A serious look crossed his face as he looked down at me from the platform. He paused ever so slightly, as if to size me up, figure out what I might want to hear, what my story might be. (I suspect he mistook me for a teacher.) And then he said confidently, "I would not reauthorize No Child Left Behind until I got the teachers' buy-in."
After spotting my quizzical look, he kept talking, filling in details. But it was all a blur — a meandering discussion of "multiple measures" and "growth models" and the unfairness of labeling schools as "needing improvement" even when they are making great progress. I thanked him and waited for a chance to shake his hand, my thoughts staying focused on his first utterance. What would it mean to get teachers' buy-in? Is that a good standard for education policy in general? And could a president actually get teachers to support NCLB without neutering it?
I've pondered, and I've concluded: Requiring teacher buy-in is not an appropriate standard for education policymaking, especially at the presidential level.

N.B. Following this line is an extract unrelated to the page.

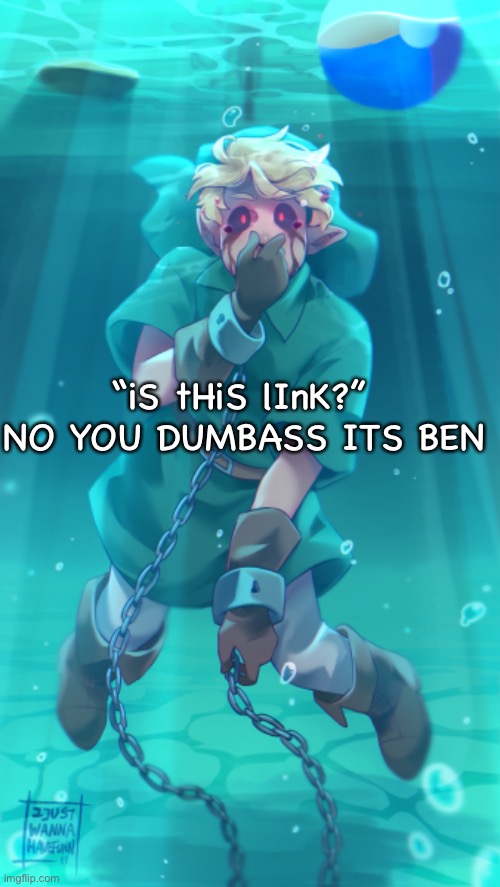 “iS tHiS lInK?” 
NO YOU DUMBASS ITS BEN | made w/ Imgflip meme maker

Sure, having workers' buy-in (getting input, making appropriate adjustments, and listening seriously to concerns) is ideal in any human endeavor. But when it comes to education, great principals already do this. That doesn't mean that they forge ahead only when their staff is on board, though.
At first glance, for example, many teachers instinctively hate "scientifically based reading instruction" that spells out what they should do step-by-step. But many teachers who initially opposed programs such as Open Court have turned to converts — even phonics fanatics — when they see their students making solid progress under the new regime. "Buy-in," then, can be seen as the end result of strong leadership, not a pre-condition for negotiations.
But Obama is running for president, not elementary-school principal. How could he possibly get the "buy-in" of the nation's three million-plus teachers when he'll never even meet more than a handful? The most obvious solution is to equate teacher buy-in with the support of the National Education Association and the American Federation of Teachers. But that, of course, would put the kibosh on pretty much every promising reform in the book, including much that is already underway.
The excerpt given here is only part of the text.